“This is my own private venture,” he said, “this blowing up of the road. I’ll endanger my own life in it, but nobody else’s. The dam is the important thing. You stay here with Slade and Max until it is all over, then head back for the cave fast.”
Max had reappeared just before Dick left. After three-quarters of an hour hunting some fugitive in the woods, he led his sentries back to the dam. And he was fuming. He let forth a stream of abuse that would have made the real Colonel Klage envious. He blamed everything that had gone wrong in the war on those sentries, threatened to have them up for punishment the next day.
He gave a final order for them all to stay on the dam wall the rest of the night, and to keep their eyes constantly on the other side of the lake. Then he stalked away. The sentries were lined up like wooden Indians, facing the other direction. They couldn’t have seen as far as the main road anyway, to see that Max just ducked across it into the woods above, but they didn’t even dare try to see.
Max was proud and happy. “I ran the legs off those guys,” he said. “And it did me good to hit a couple of them, too. They like to go around doing that kind of thing to people who can’t hit back. I wonder how they liked a taste of their own medicine.”

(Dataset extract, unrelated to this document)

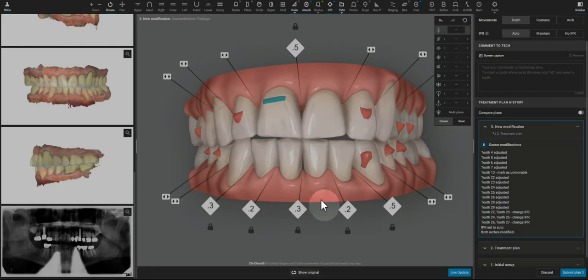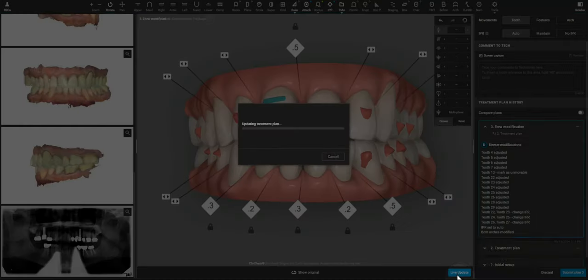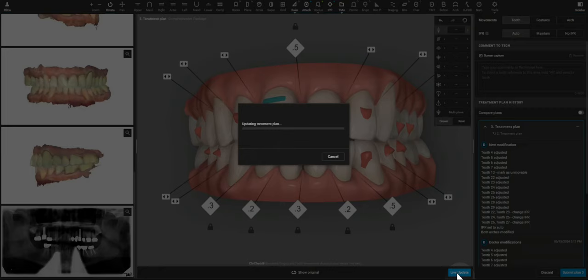So from here, I can fortunately use the live update tool and then we'll have a ClinCheck that is ready to approve. I'll pause the video and then we'll look over it again.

Dick told Max what a fine job he had done, but the big soldier just said, “I guess I’ll go in for acting after I get out of the Army. It’s fun.”
CHAPTER SIXTEEN
ZERO HOUR
Tony Avella was nearing the end of his long vigil in the top of the bell tower. He was feeling restless, cramped, and uneasy. He kept telling himself that this radio job was just as important as any of the rest of it, but it did not make him feel any better about having to spend almost a whole week in that cramped space, hot in the day, cold at night, with a stone floor beneath him. Most of the time he had nothing whatever to do, and he had covered the floor with scratches playing tick-tack-toe with himself.

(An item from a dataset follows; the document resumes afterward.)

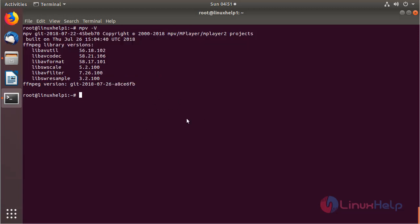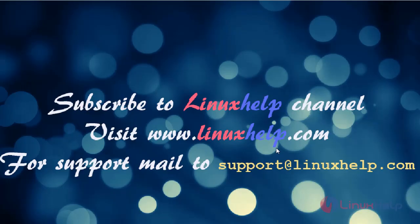These are all installation process about how to install MPV media player application on Ubuntu 18.04. Thanks for watching this video. Please subscribe to our channel Linuxhelp. If you want further more videos, please visit www.linuxhelp.com. If you have any queries, please mail to support@linuxhelp.com.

But now the end was approaching. It had been some time since he’d heard about the latest plans, but he knew that the dam was scheduled to go up at exactly five-thirty A.M. And he thought that Dick was going to try to get around to the northwest road to blow it up at the same time.
“At any rate, I’ve got box seats for the whole affair,” he told himself. “I’ll be able to see both explosions from here. But I can’t wait around very long after that.”